Getting Started: Assess Your Support
At some campuses, there is a high level of trust between different divisions and for the enrollment area specifically. At other institutions, this trust has yet to be earned. If trust is low, you will likely have to build a broader base of support for the planning process by involving colleagues from across campus. If trust is high, you could opt to create a smaller working group for your SEP – perhaps just a select group from the enrollment division, marketing, and the student service areas. This is a nice luxury, as it allows the group to work faster.
Gauge your support and build as broad a base as you need to for your plan, but don’t artificially inflate your working group to make it look important. Other areas can always be recruited once the core of the strategy has been built.
Get the Right People
The ‘right’ people are not always the ones you think. You might think that for the plan to be successful, you need to go to the top and recruit cabinet-level leaders onto the planning team. I have actually found this counter-productive. First of all, these are some of the busiest people on campus, with the most out-of-control calendars. By adding them to a planning group, you are almost guaranteeing that your process will be slowed.
I have found that the most effective tool is to ask the group this question, “If we are wildly successful in creating and implementing our strategic enrollment plan, what will the university look like five years from now?”

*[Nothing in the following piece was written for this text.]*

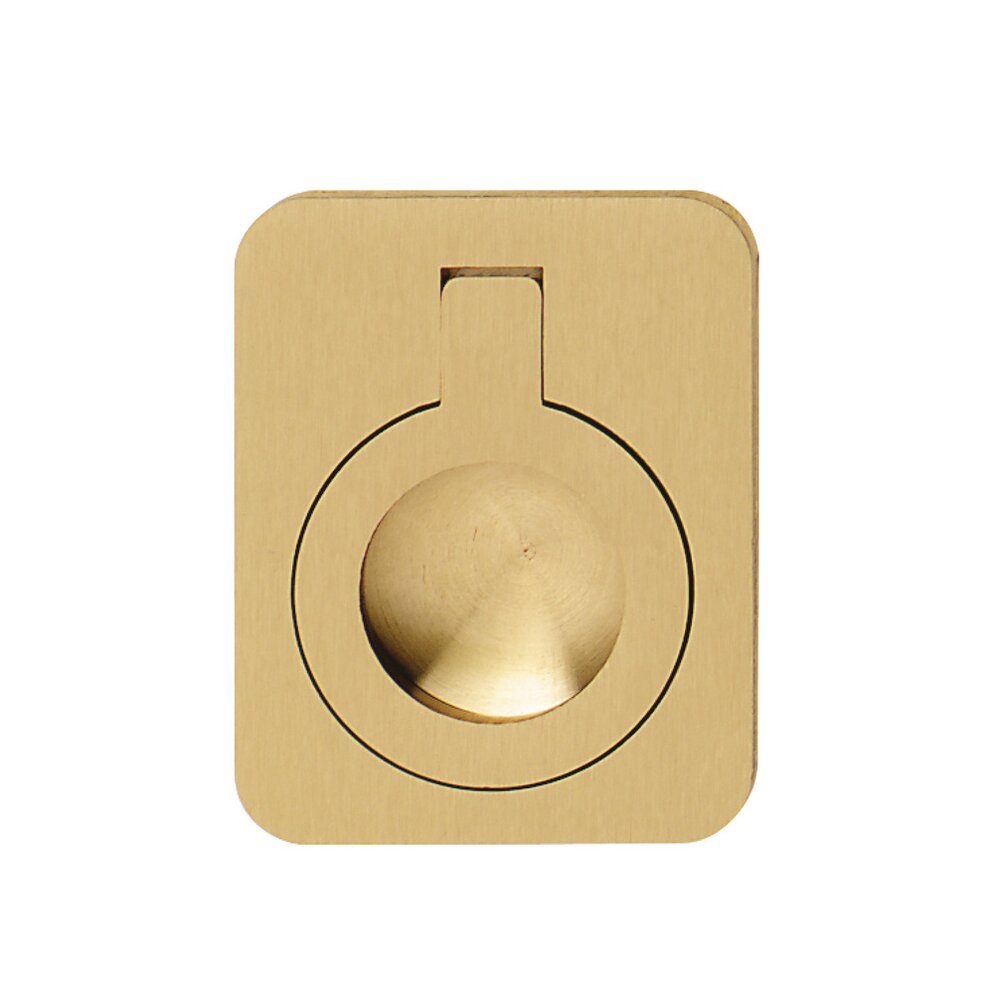 1-7/8" Recessed Pull  in Satin/Brushed Brass
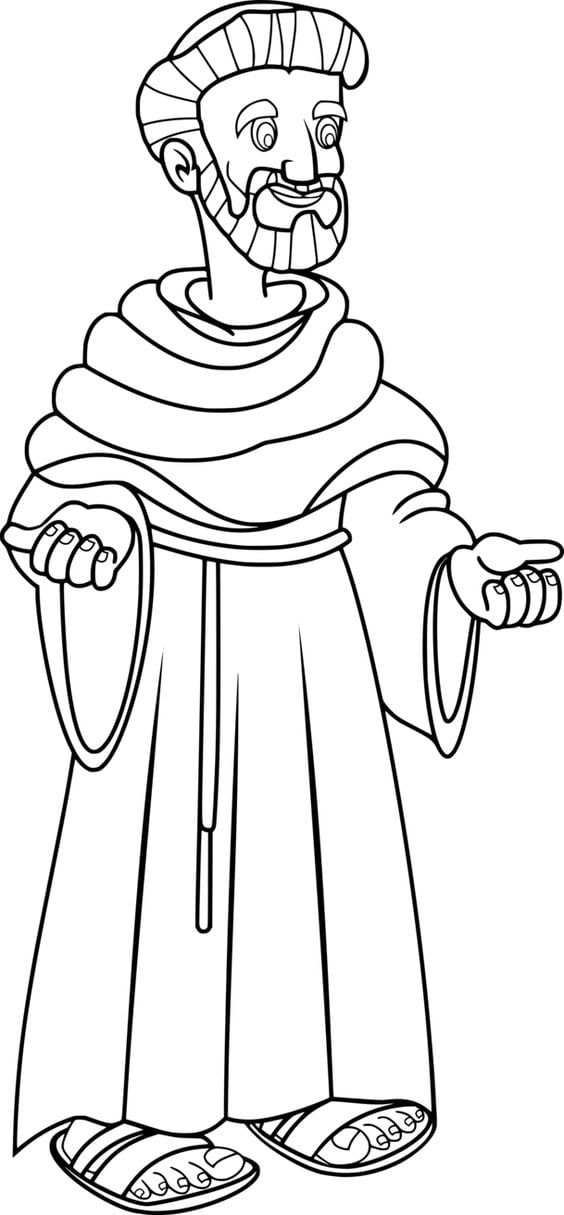 Dibujos de San Francisco de Asís para colorear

But there is also a strange power dynamic at the top. Trust me I’ve been there. If you include one vice president you typically have to invite them all to keep things in balance. If you have a table full of vice presidents, it will change the power dynamic and a lot of other good contributors will be too intimidated to talk.
Instead of targeting the VPs, look for the next level down. Invite their trusted lieutenants and the people at the upper mid-level of leadership. These folks usually know how to get things done. They are trusted to make decisions, are practiced at communicating up and down the ladder, and should have the flexibility of schedule to get to meetings.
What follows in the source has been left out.